All lines below starting at the one that holds "Облигация на сумму" and ending at the one that holds "第100话 擂台生锈 第13页" should be printed exactly, ends included. Pictures should not be printed, nor anything else.

◆ Record excerpts ◆
·····

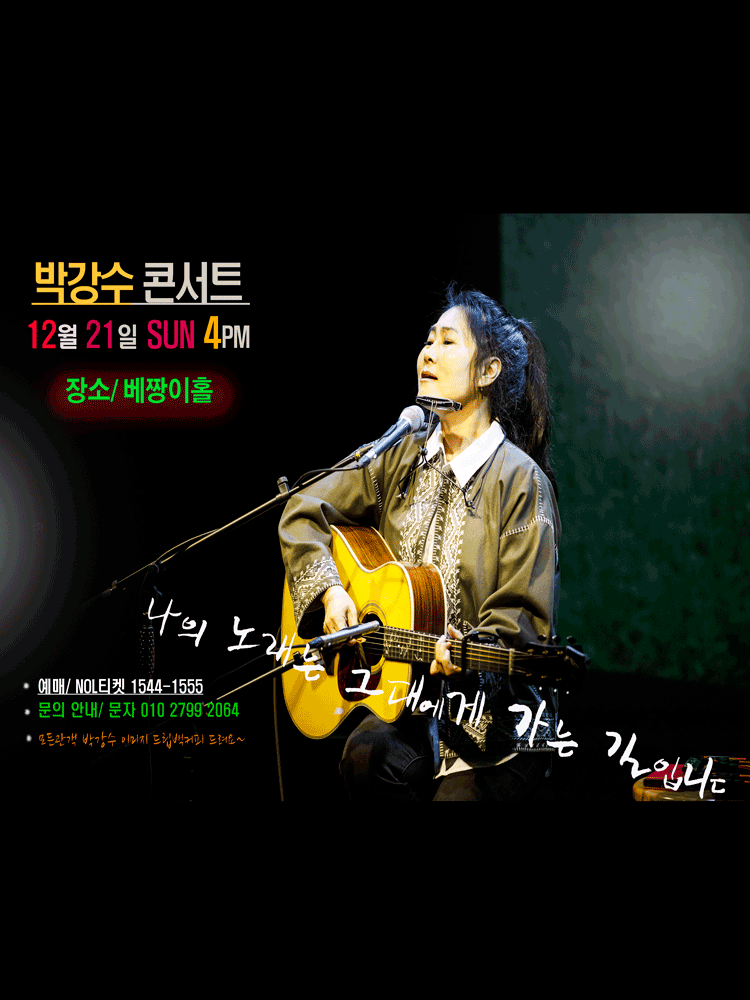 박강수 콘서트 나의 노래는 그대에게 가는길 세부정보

·····

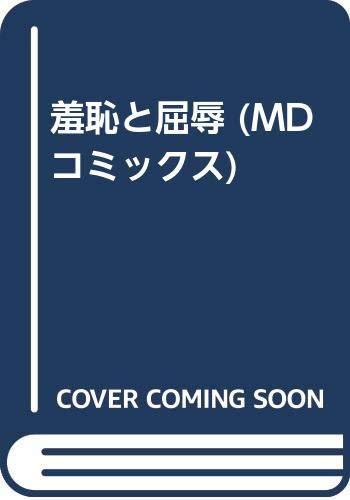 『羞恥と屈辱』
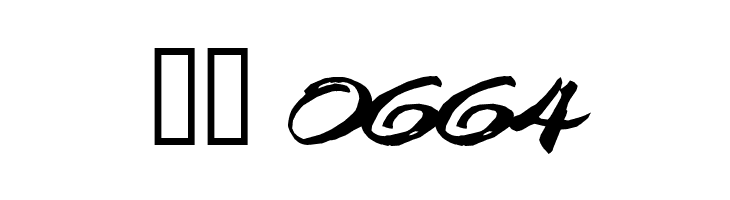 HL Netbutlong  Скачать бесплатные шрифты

·····

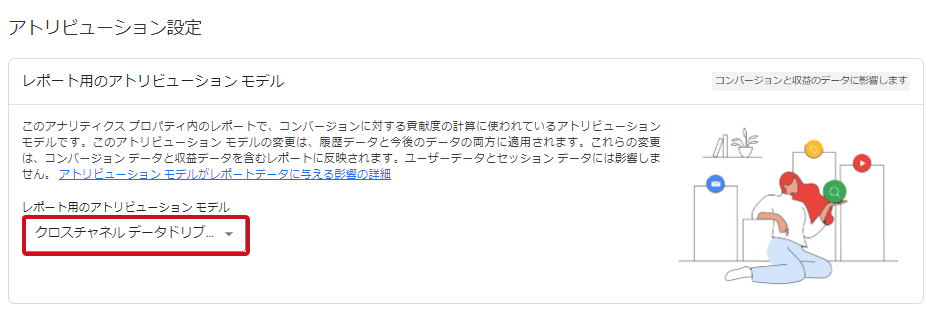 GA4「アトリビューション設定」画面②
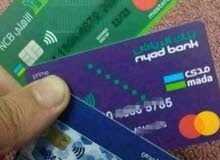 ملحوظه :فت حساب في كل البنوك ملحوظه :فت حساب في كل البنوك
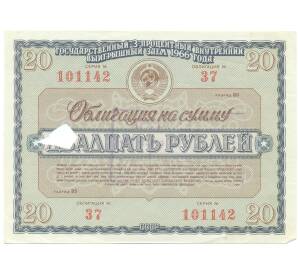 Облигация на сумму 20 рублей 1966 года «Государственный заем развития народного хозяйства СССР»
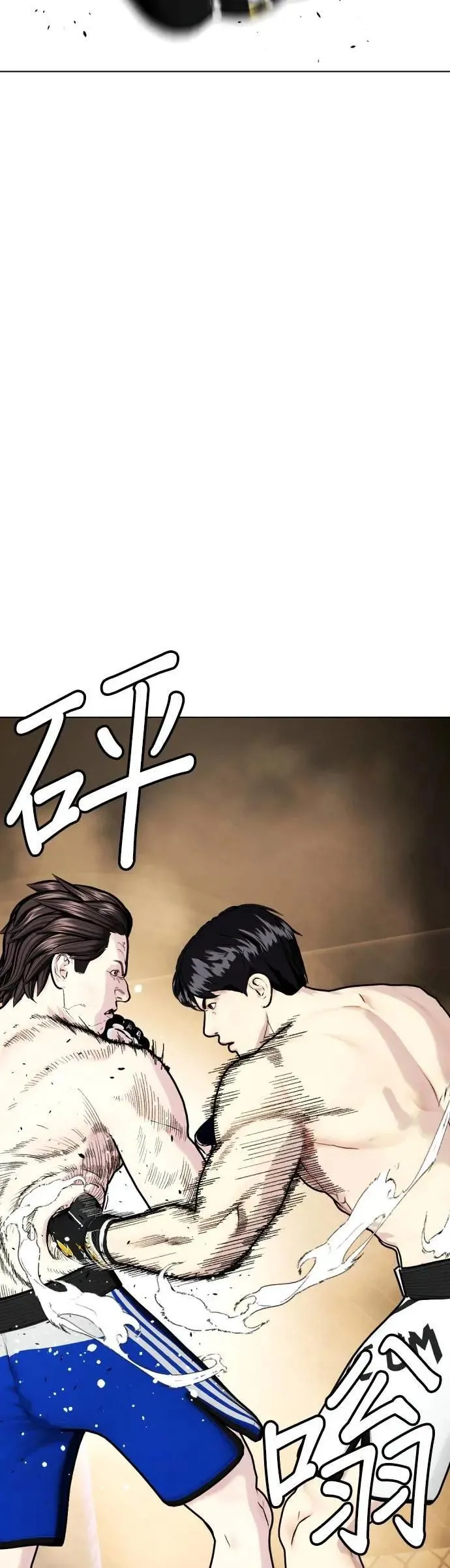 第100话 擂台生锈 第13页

·····

◆ Written solution ◆
 Облигация на сумму 20 рублей 1966 года «Государственный заем развития народного хозяйства СССР»
 第100话 擂台生锈 第13页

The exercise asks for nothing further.